[Provided data]
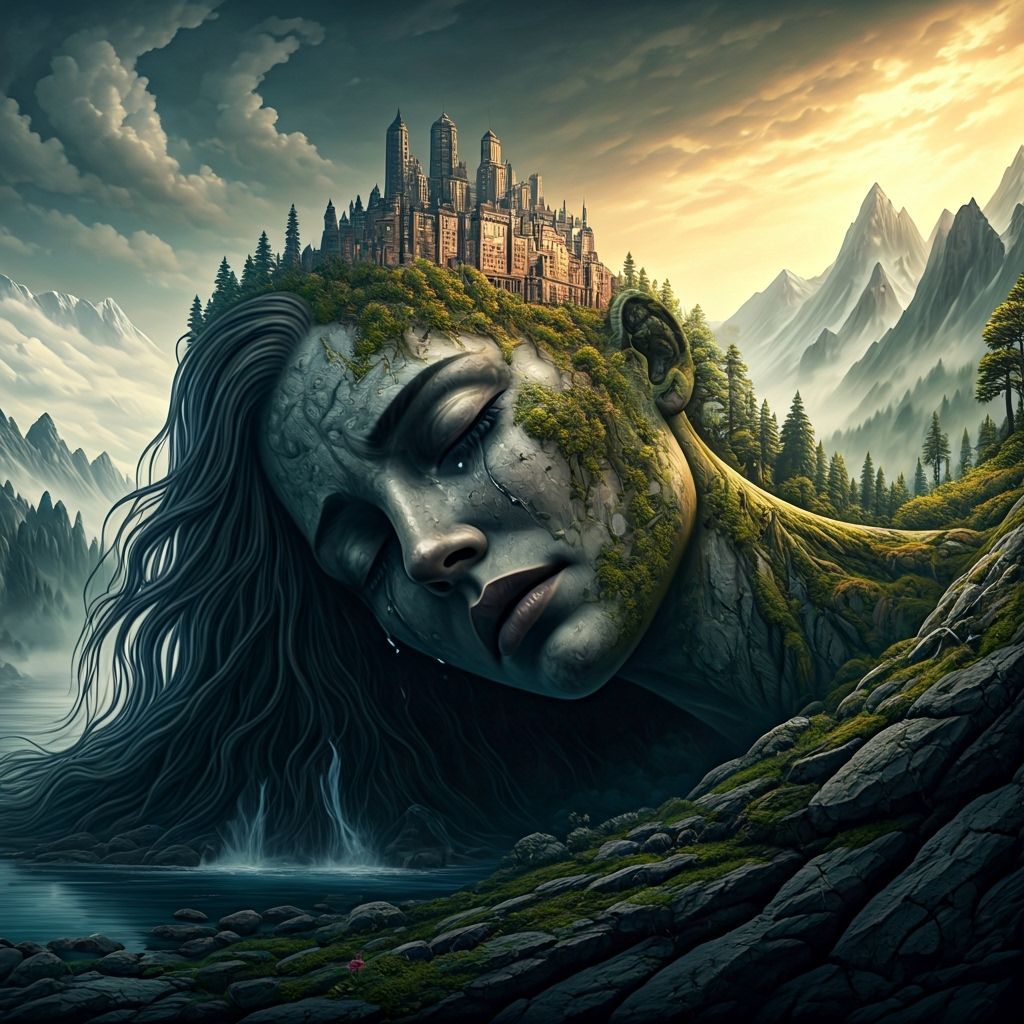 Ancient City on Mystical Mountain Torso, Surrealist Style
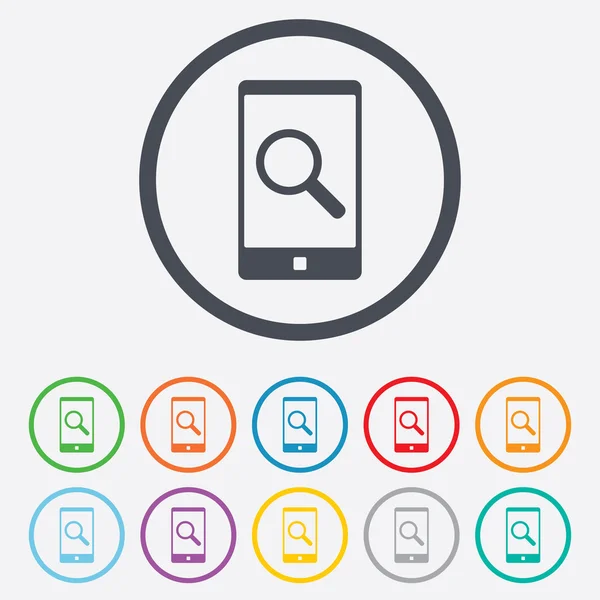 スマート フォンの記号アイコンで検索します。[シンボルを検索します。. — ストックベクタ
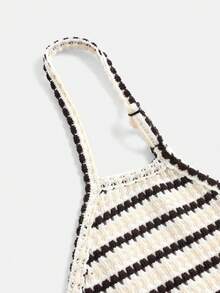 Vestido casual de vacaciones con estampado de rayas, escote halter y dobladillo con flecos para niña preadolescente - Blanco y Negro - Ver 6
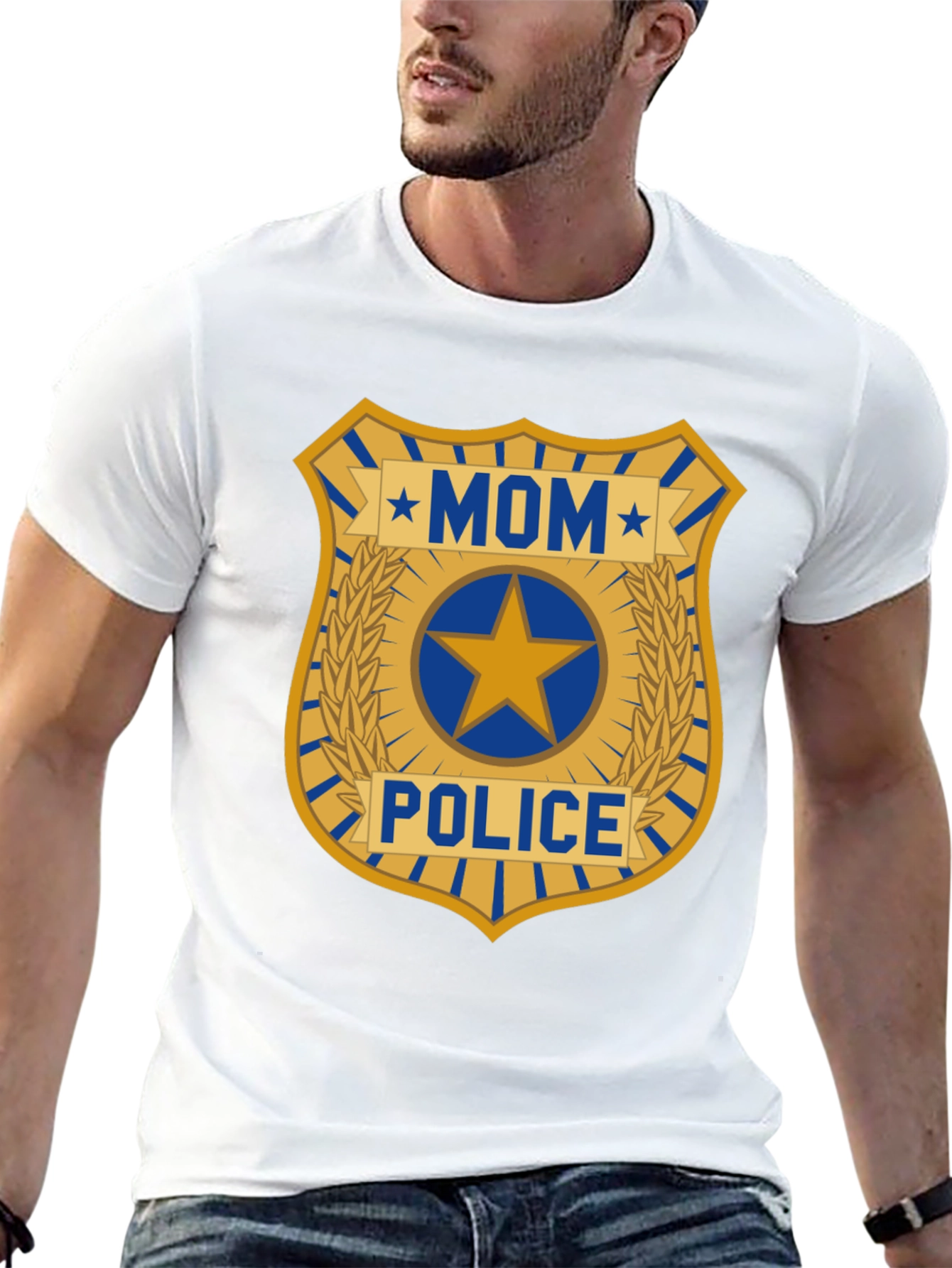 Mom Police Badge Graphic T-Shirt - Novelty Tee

[Task brief]
Restate the data above word for word. Skip every picture.

[Response to this task]
 Ancient City on Mystical Mountain Torso, Surrealist Style
 スマート フォンの記号アイコンで検索します。[シンボルを検索します。. — ストックベクタ
 Vestido casual de vacaciones con estampado de rayas, escote halter y dobladillo con flecos para niña preadolescente - Blanco y Negro - Ver 6
 Mom Police Badge Graphic T-Shirt - Novelty Tee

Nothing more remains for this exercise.